## [Data block]
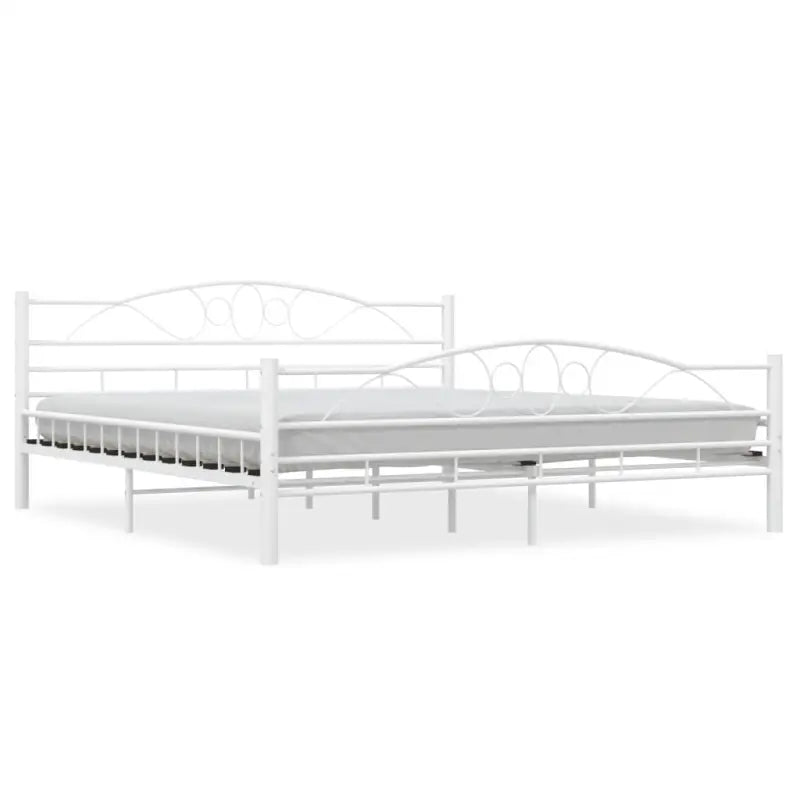 Elegante metalen bedframe voor een klassieke slaapkamer sfeer - Bedden & bedframes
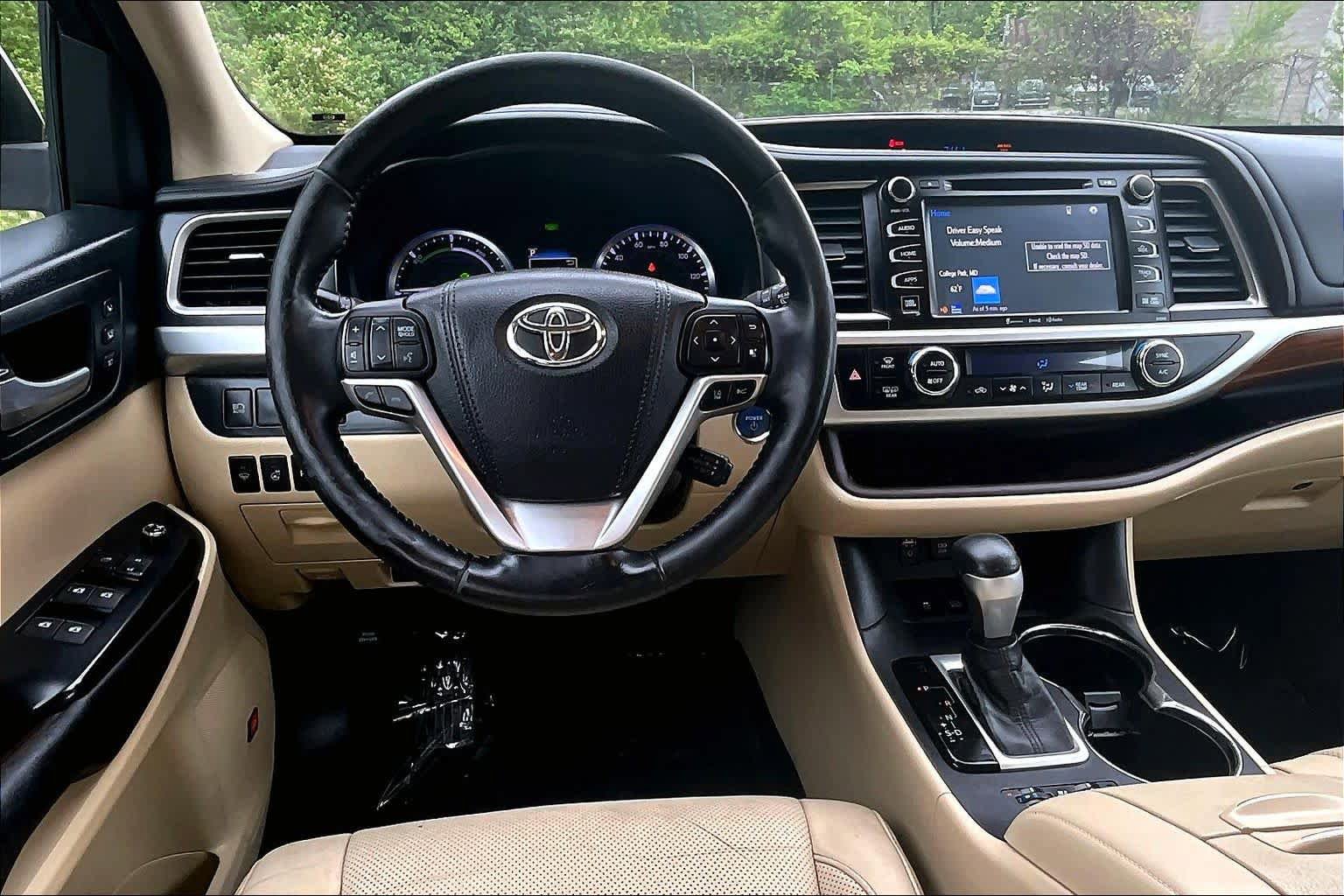 Used 2017 Toyota Highlander Limited Platinum AWD/4WD image 6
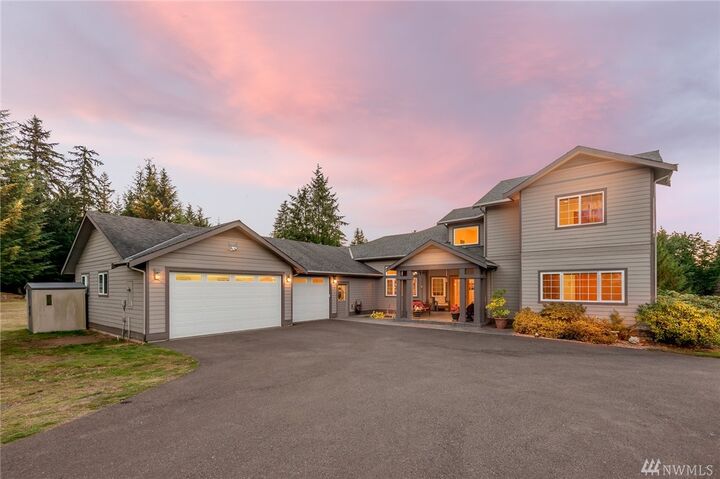 Property Photo:  24925 SE 232nd St  WA 98038 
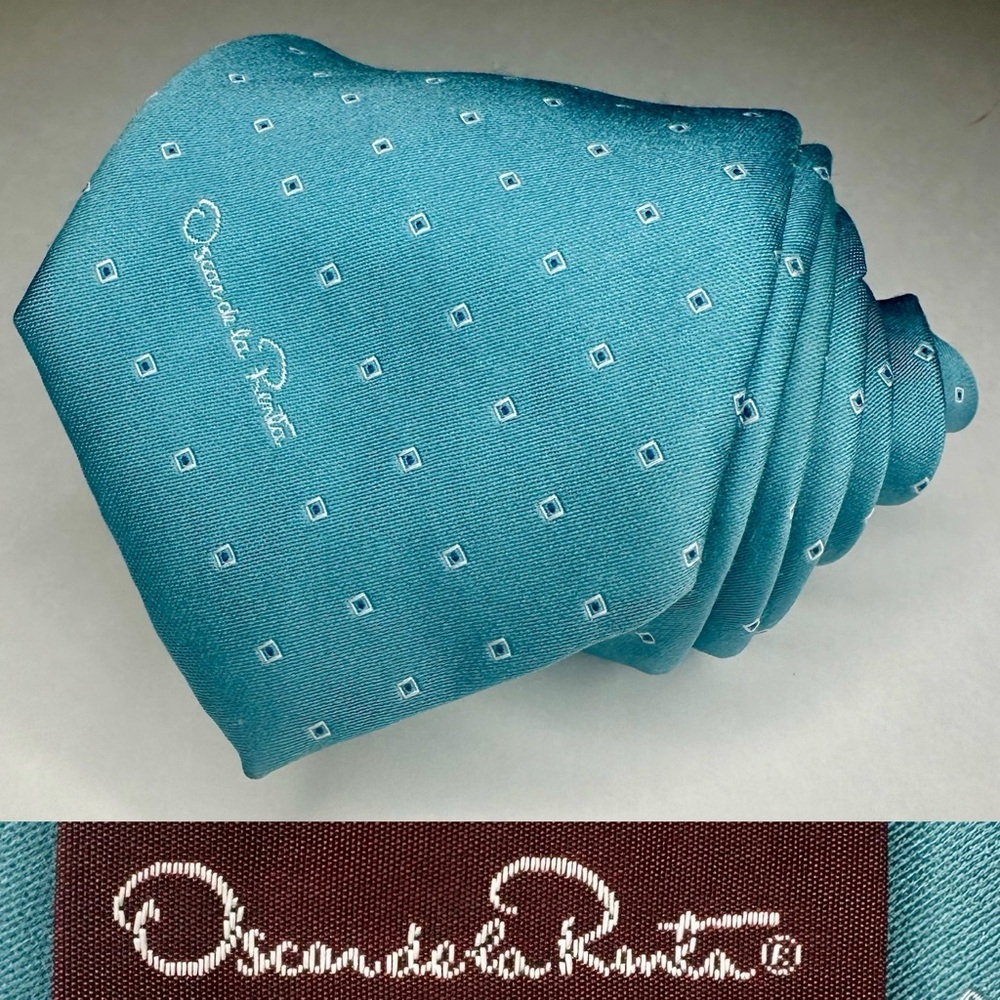 Vintage OSCAR de la RENTA Signature Embroidered Aqua Patterned Silk Classic Tie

## [Your objective]
Find the line with "Used 2017 Toyota" in the listing and extract it and all lines after it through the end, exactly, without the pictures.

## [Output of the exercise]
 Used 2017 Toyota Highlander Limited Platinum AWD/4WD image 6
 Property Photo:  24925 SE 232nd St  WA 98038 
 Vintage OSCAR de la RENTA Signature Embroidered Aqua Patterned Silk Classic Tie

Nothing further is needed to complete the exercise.